Nicolas Bouzou : Le souci vient de la passivité des pouvoirs publics face à cette situation, alors qu'ils doivent absolument mettre en place les réformes qui permettront de lutter contre ce chômage structurel. Il y a également un problème de confiance des entreprises qui sont tétanisées par les politiques contradictoires qu'on leur a présentées ces dernières années. Elles craignent que les règles changent à nouveau. Pour regagner leur confiance, le gouvernement doit être crédible et prendre des mesures fortes. Or, pour le moment, ce n'est pas ce que l'on voit, à l'image du dossier du dialogue social où, là encore, l'exécutif fait preuve de passivité.

Quelles solutions faut-il privilégier pour enrayer la spirale du chômage ?

Stéphane Auray : Il faut moins de rigidité et des signaux forts : un allègement massif des charges pour les bas salaires ou encore un contrat unique. Il faut également miser sur l'apprentissage, revaloriser le travail non qualifié, et cibler des secteurs porteurs. On peut mettre tous les pansements que l'on veut, comme le pacte de responsabilité ou le crédit d'impôt pour la compétitivité et l'emploi (CICE), il faut surtout une politique globale et d'une ampleur suffisante. 

Nicolas Bouzou : Les difficultés sont d'abord liées aux blocages existants dans le marché du travail : un coût du travail trop élevé pour les emplois moins qualifiés, un droit du travail trop judiciarisé ou encore une indemnisation des chômeurs qui n'incitent pas à retourner vers l'emploi. Il faut également réorienter la formation professionnelle pour que les chômeurs et les travailleurs les moins qualifiés en bénéficient en priorité, alors que ce sont surtout les salariés les plus privilégiés qui en profitent aujourd'hui. 

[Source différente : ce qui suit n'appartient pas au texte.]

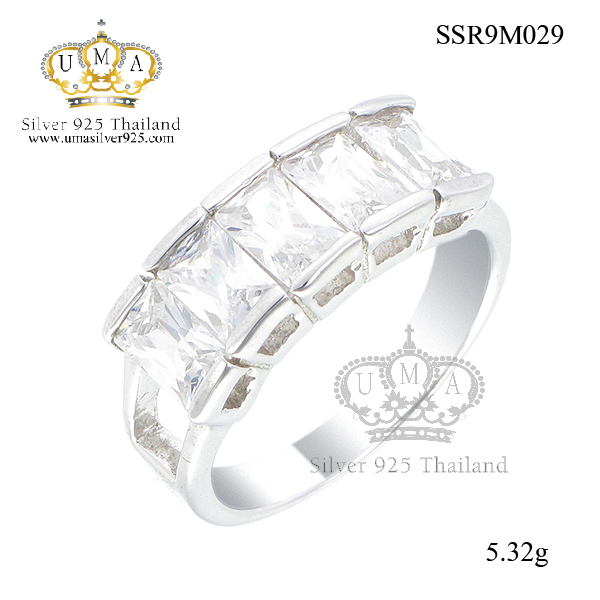 แหวนทองคำขาว ประดับเพชร CZ แหวนแถวล็อค ประดับเพชรสี่เหลี่ยม ช่วงบ่าแหวนฉลุโปร่ง หรูหราดูดี แวววาว สวมใส่ออกงานราตรี งานสังสรรค์ต่างๆ สะดุดตาประทับใจแก่ผู้พบเห็น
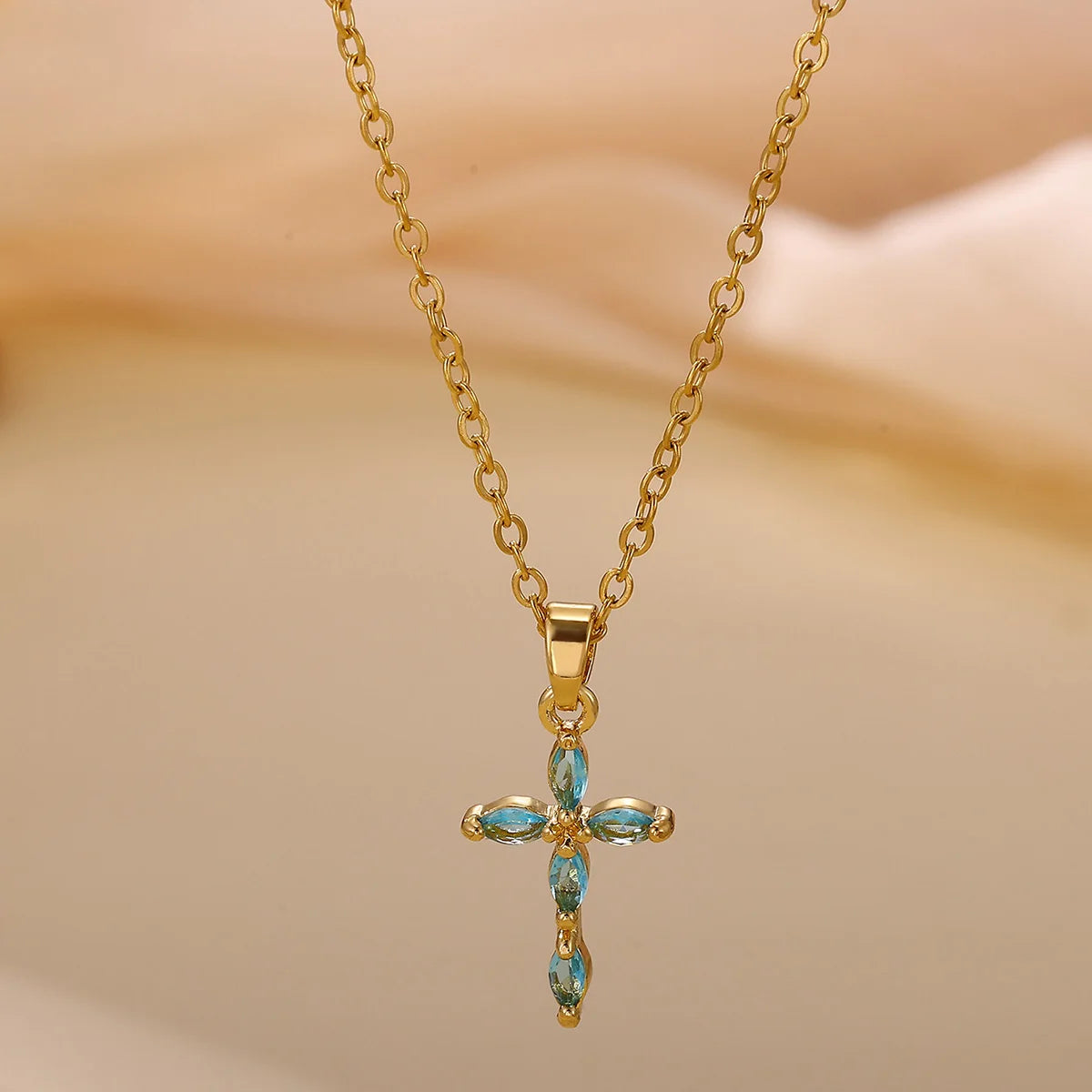 Colorful Shiny Cubic Zirconia Cross Pendant Necklaces for Women Gold Color Delicate Fashion Collar Jewelry Gift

Certains économistes, notamment cités par Challenges, estiment que l'augmentation de la population active, liée à la forte croissance démographique française, joue un rôle dans cette augmentation du chômage et plombe l'emploi des jeunes. Quel est votre avis sur cette analyse ?

Nicolas Bouzou : Ça crée bien un effet d'engorgement, puisque le marché du travail n'arrive pas à absorber ces nouveaux actifs en augmentation. A la base, cette forte démographie est un avantage pour la France, mais notre marché du travail dysfonctionne tellement qu'il n'est pas capable d'en profiter.

Stéphane Auray : Quand on voit le niveau du chômage des jeunes, on peut être inquiet. Pourtant, en France, les jeunes sont bien formés si on se réfère au taux de réussite au bac. Il faudrait non seulement revaloriser le travail peu qualifié, qu'on a encouragé il y a trente ans avant de le dévaloriser, mais aussi donner la priorité à des secteurs porteurs. Aujourd'hui, par exemple, la dynamique de l'emploi est plus porteuse dans le secteur de la plomberie que chez les commerciaux spécialisés dans l'immobilier.